Barry Williams 'The Skeptic' Vol 12, No 2
There were amazing scenes in the Wesley Centre, Sydney on Saturday, May 16, 1992 at a public lecture on the finding of a hypothetical Noah’s Ark in the mountains of Turkey.
Presented by one Allan Roberts, the meeting began with the warning from the chairman, to an audience of approximately 300, that anyone who had the temerity to interject would be forcibly removed. To enforce this rather unique approach to the interchange of intellectual ideas, a contingent of five security personnel, at least some of whom wore batons, was ranged around the hall. This was followed by a notice that only written questions would be accepted at question time.
Roberts, whose facts had been challenged at previous meetings held throughout Australia, so qualified his presentation that it appeared to consist of one long footnote. This technique added nothing to the credibility of his case and reduced his talk to near incomprehensibility, so that the only real danger he faced was interruption from the snores of the attendees.
The evening saw its first sensation when a distinguished earth scientist, who challenged Roberts’ rather cavalier dismissal of the reliability of carbon dating, was forced to leave. The fact that this scientist is a recognised authority on radiometric dating only added to the air of unreality that began to pervade the evening.
During question time, Roberts made the entirely unnecessary confession that, as an historian, he was unqualified to answer any scientific questions. However, when one of the scientists in the audience volunteered to answer them for him, he called on the guards present to remove him. This high-handed and completely unjustified action was prompted by interjections of such mildness that they would scarcely have raised the eyebrows of the presiding officer of any parliamentary chamber in Australia.
As the scientist (one of the nation’s leading palaeontologists), whose violent ejection was the object of the exercise was fortuitously seated among a group of fellow seekers after truth, his attempted removal was singularly unsuccessful. Having laid violent hands on the scientist, the guards found that their egress from the row of seats was hindered by the refusal of the other patrons to move their feet and by the steadfast, though non-violent, refusal of the scientist to leave a public meeting, to which he had paid an entry fee.
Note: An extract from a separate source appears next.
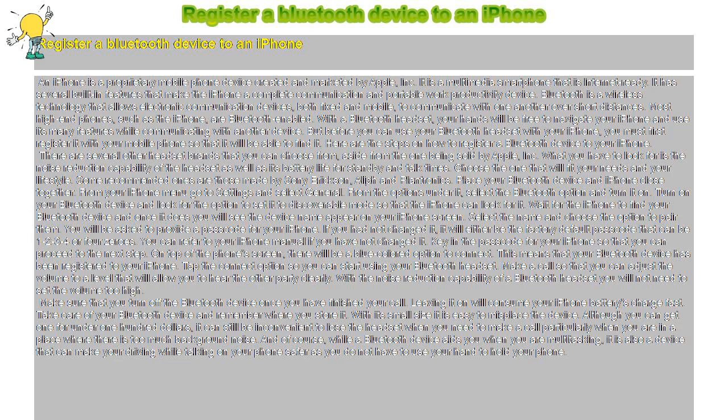Take care of your Bluetooth device and remember where you store it. With its small size, it is easy to misplace the device. Although you can get one for under $100, it can still be inconvenient to lose the headset when you need to make a call, particularly when you are in a place where there is too much background noise.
A polite (and lawyerly sounding) query from a member of the audience as to whether the guards were entirely certain that their actions complied with the law, caused them to hurriedly relinquish their hold on their victim. The questioner, a physicist, certainly has a future at the bar should he contemplate a career change.
At this point, the chairman said that the meeting was closed and that the police had been called. He had threatened this action several times during the evening, for no reason that anyone could discern. As the only actions likely to cause a breach of the peace were those of his security guards, this seemed to be an extraordinary action on his part.
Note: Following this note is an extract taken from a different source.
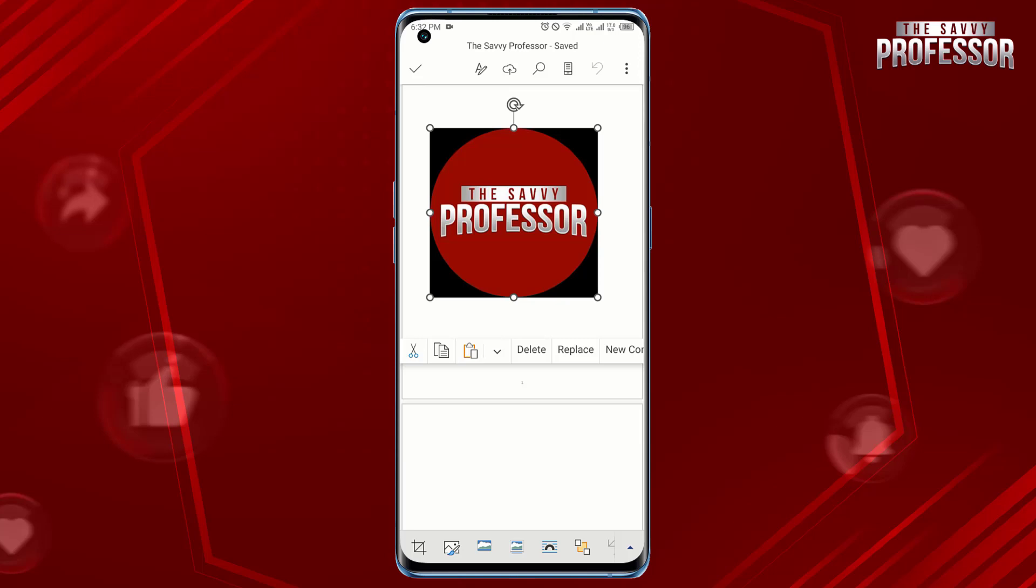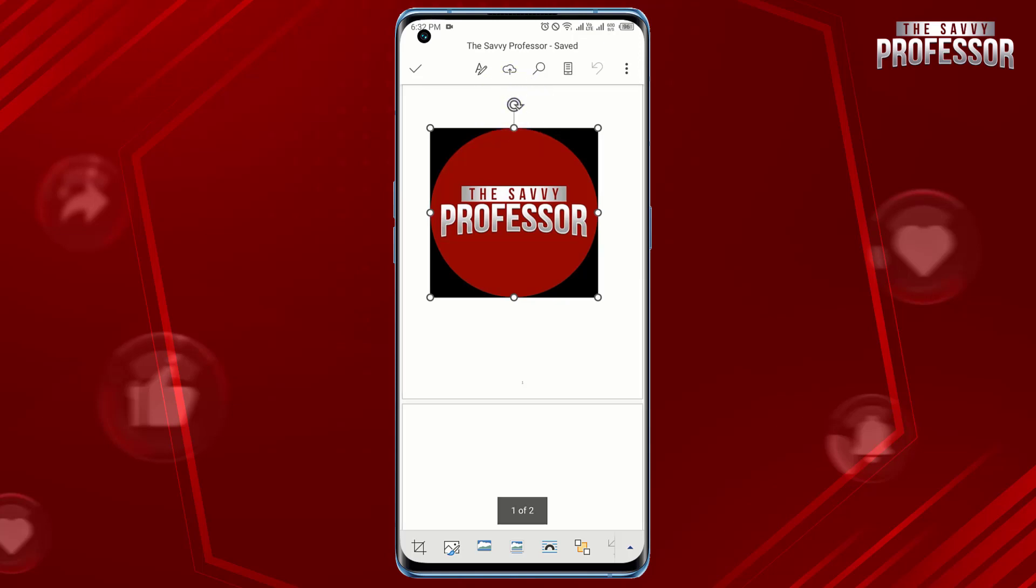Tap on this option to access the rotation controls. Use the rotation controls to flip the image horizontally or vertically depending on your preference.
When the police eventually arrived they were confronted by knots of people calmly discussing various issues and they could be forgiven for regarding the matter as a complete waste of their time on a, no doubt busy, Saturday night.
This writer, who has attended some quite robust meetings in his time, was astonished by the behaviour of the conveners of this supposedly scientific event. It certainly could not qualify, by any standard, as a rowdy meeting and the interjections, few though they were, merely sought to put the lecturer straight on details and procedures of which he was manifestly ignorant and incapable of explaining.
It was particularly distressing that these events took place under the auspices of a Christian group. The authoritarian manner in which the public meeting was conducted reflected no credit on the Christian virtues they presumably espouse. The organisers seemed to believe that questions from the audience and the interchange of ideas (surely the fundamental factors of success in meetings) were in some way subversive.
This leads me to conclude that their concepts of freedom of inquiry and of speech are as fossilised as they claim the remains of Noah’s Ark to be.